Un disco, un libro, un concerto. Questi gli elementi che portano Eduardo De Crescenzo, nel pieno della sua maturità espressiva, ad omaggiare le sue radici culturali. Il cantautore rilegge la canzone classica napoletana dai suoi esordi, intorno al 1800, fino al 1950, quando con lo sbarco degli alleati americani arriverà in Italia il jazz e la musica cambierà per sempre. La sua voce iconica affronta magistralmente, per la prima volta, 20 grandi classici di “un repertorio che gli appartiene per DNA.

Cerca “il suono perduto”, Eduardo, il suono che doveva avere la Canzone Napoletana nel suo tempo, prima che venisse sopraffatta da mille rifacimenti insensati, da mille fraintendimenti culturali. Cantante e interprete, musicista e compositore colto e appassionato, avvia un lavoro di ricerca storica e musicale.

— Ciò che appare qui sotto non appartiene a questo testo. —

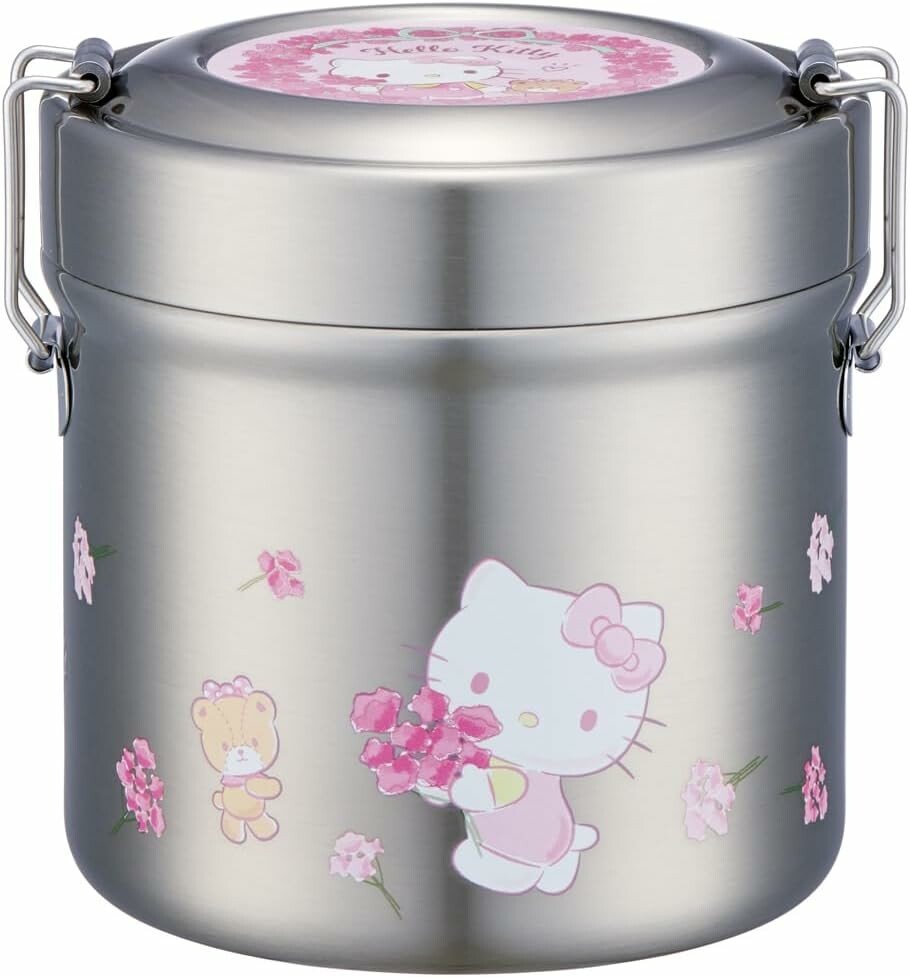 Skater Antibacterial Vacuum Stainless Lunch Box Hello Kitty - Princess and the Pea Boutique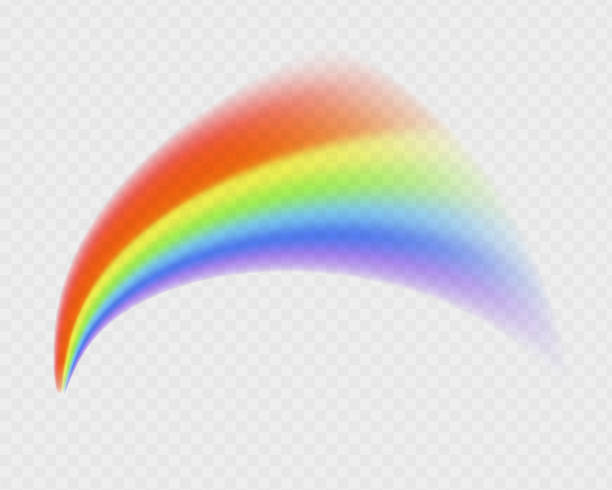 ilustraciones, imágenes clip art, dibujos animados e iconos de stock de realistic_rainbow_collection - rainbow multi colored sun sunlight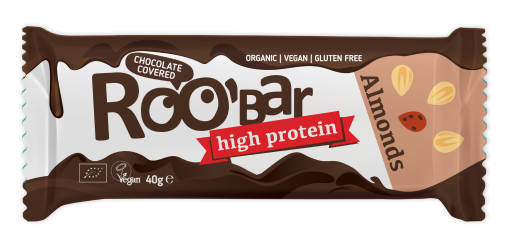 ROOBAR Almendra Extra Proteina cobertura Choco 40g BIO/Eco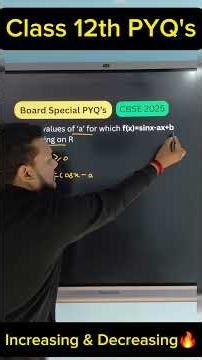 Increasing & Decreasing Fucntion🔥| AOD|Class 12 PYQ's|MCQ's| #yt #cbse #ytviral #ytshorts #maths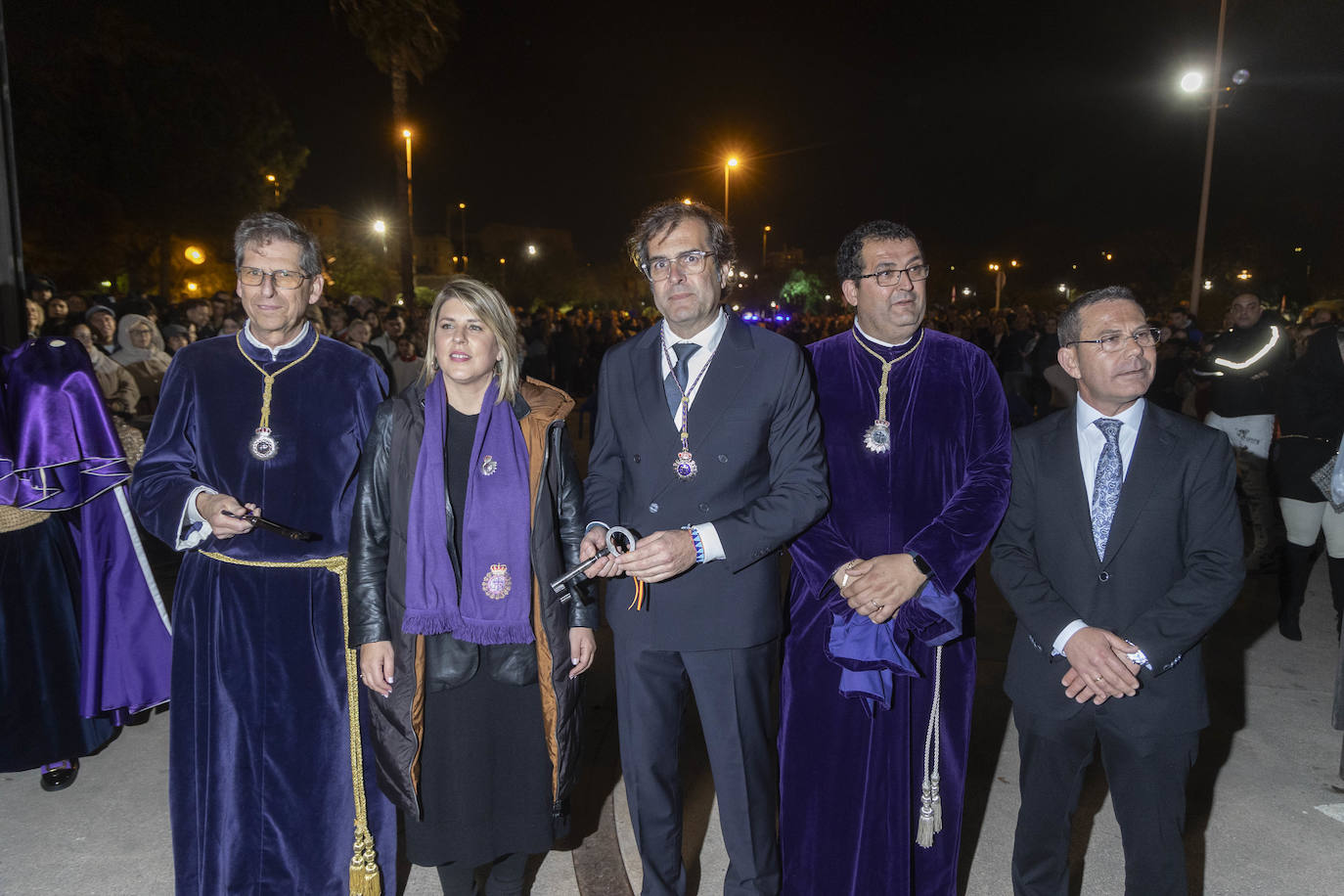 Procesión del Encuentro de Viernes Santo de Cartagena, en imágenes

Il pianoforte è quello di Julian Oliver Mazzariello, uno dei pianisti più incantevoli e geniali apparsi sulla scena musicale negli ultimi anni: anglo-italiano, originale ed eurocentrico, come lo fu la Napoli di allora, meta ambita dagli artisti di tutto il mondo, la città dei quattro Conservatori, faro di riferimento della cultura europea.

In scaletta troviamo i brani “Fenesta vascia”, “Luna nova”, “Era de maggio”, “ arechiare”, “ ‘A vucchella”, “Serenata napulitana”, “I’ te vurria vasa’ “ “Maria Mari’ “ “Santa Lucia luntana”, “Silenzio cantatore”, “Uocchie ch’arraggiunate”, ” ‘O marenariello”, “Te voglio bene assaje”, “Scétate”, “Canzona appassiunata”, “Passione”, “Voce ‘e notte”, “Che t’aggia di’ “, “Munasterio ‘e Santa Chiara” e “Luna rossa”.